# Integration problems: Intriguing Integrals

1. Apr 2, 2008

### BioCore

1. The problem statement, all variables and given/known data
$$\int$$x^3$$\sqrt{}a^2-x^2$$dx

2. Relevant equations

3. The attempt at a solution
I came this far with my solution:

a^5$$\sqrt{}sin^3\Theta cos^2\Theta$$d$$\Theta$$
a^5$$\sqrt{}sin^3\Theta-sin^5\Theta$$d$$\Theta$$

The answer given to me is:

-1/15(a^2 - x^2)^3/2 (2a^2 + 3x^2) + C

It seems that they used sine theta, and not cos theta. I have currently tried to do that but am not sure how I would get rid of the extra sin$$\Theta$$.

Thanks for the help.
1. The problem statement, all variables and given/known data

2. Relevant equations

3. The attempt at a solution

Last edited by a moderator: Apr 2, 2008
2. Apr 2, 2008

### rock.freak667

$$\int x^3 \sqrt{a^2-x^2}dx$$

let $x=acos\theta \Rightarrow dx=-asin\theta$

$$\int x^3 \sqrt{a^2-x^2}dx \equiv \int (acos\theta)^3\sqrt{a^2-a^2cos^2\theta} \times -asin\theta d\theta$$

$$\int - a^4cos^3\theta \sqrt{a^2(1-cos^2\theta)} \times -asin\theta d\theta$$

$$-a^5 \int cos^3\theta sin^2\theta d\theta$$

recall that $sin^2\theta +cos^2\theta=1$

and substitute for $sin^2\theta$

3. Apr 2, 2008

### BioCore

I would assume that using your solution I would have the right answer.

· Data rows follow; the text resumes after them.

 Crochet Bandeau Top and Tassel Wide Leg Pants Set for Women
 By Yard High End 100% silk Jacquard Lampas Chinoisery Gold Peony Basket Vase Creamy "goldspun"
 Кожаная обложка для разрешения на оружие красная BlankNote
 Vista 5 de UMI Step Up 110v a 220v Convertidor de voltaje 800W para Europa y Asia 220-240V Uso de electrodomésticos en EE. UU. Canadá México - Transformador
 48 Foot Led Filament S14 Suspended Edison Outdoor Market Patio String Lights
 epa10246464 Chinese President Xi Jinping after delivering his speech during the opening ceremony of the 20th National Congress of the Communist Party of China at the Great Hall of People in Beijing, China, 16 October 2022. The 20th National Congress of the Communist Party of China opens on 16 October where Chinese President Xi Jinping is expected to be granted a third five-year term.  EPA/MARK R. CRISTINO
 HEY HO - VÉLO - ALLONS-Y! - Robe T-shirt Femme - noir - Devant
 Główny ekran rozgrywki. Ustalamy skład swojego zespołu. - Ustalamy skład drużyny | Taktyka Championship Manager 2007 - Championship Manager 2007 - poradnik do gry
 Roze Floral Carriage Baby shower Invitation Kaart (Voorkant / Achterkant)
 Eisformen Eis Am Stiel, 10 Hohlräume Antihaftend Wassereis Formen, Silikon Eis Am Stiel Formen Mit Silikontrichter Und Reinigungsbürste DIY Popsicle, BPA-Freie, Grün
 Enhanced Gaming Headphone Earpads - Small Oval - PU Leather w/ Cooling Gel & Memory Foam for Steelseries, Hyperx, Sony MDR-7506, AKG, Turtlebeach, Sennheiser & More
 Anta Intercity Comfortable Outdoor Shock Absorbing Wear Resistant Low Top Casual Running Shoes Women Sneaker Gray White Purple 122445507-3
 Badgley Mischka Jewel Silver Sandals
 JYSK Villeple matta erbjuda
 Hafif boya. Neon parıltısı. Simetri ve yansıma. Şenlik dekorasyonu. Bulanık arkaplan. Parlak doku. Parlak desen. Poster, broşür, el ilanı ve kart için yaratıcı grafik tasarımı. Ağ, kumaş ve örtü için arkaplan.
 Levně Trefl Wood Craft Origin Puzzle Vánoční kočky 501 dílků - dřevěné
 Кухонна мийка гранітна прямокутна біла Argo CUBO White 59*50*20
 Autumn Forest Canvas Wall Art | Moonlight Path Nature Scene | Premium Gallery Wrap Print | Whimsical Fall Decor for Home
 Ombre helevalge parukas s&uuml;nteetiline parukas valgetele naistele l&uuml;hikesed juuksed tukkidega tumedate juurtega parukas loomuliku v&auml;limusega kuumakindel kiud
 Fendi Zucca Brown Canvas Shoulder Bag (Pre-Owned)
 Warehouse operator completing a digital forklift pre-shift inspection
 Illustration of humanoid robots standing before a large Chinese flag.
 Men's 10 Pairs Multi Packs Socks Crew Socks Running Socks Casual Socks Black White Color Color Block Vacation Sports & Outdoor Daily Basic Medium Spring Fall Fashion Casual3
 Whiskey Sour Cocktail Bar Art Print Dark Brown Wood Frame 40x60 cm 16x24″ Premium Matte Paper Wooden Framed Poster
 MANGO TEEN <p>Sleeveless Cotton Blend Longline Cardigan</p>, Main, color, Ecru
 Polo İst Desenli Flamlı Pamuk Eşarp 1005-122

The only problem is that in the solutions my Professor gave us, he has an intermediate step before the final solution such as this:

$$a^5 \int sin^3\theta cos^2\theta d\theta$$

Also in explaining to us Trig Substitution he placed $$\sqrt{a^2 - x^2}$$ as the bottom portion of the right triangle. Thus he stated that

x = asin$$\Theta$$
dx = acos$$\Theta$$
$$\sqrt{a^2 - x^2}$$ = acos\theta

Last edited by a moderator: Apr 2, 2008
4. Apr 2, 2008

### rock.freak667

Your teacher used x=sin$\theta$, I used x=cos$\theta$.
So in his triangle, $sin\theta=\frac{x}{a}$ which would make the adjacent side,$\sqrt{a^2-x^2}$. At the end of that integral you would get terms involving $cos\theta$

In my substitution, the opposite side would be $\sqrt{a^2-x^2}$ and at the end of my integral I would have terms involving $sin\theta$

So in theory it should all work out the same.

5. Apr 2, 2008

### BioCore

$$-a^5 \int \sqrt{1 - sin^2\theta} (1 - sin^2\theta) (sin^2\theta)d\theta$$

= $$-a^5 \int (1 - sin^2\theta)^3/2 (sin^2\theta)d\theta$$

= $$-a^5 \int sin^3\theta - sin^6\theta d\theta$$

= $$-a^5 [1/4sin^4\theta + 1/7sin^7\theta ]$$ +C

Now I know that I should substitute for the sine function, but is this so far correct?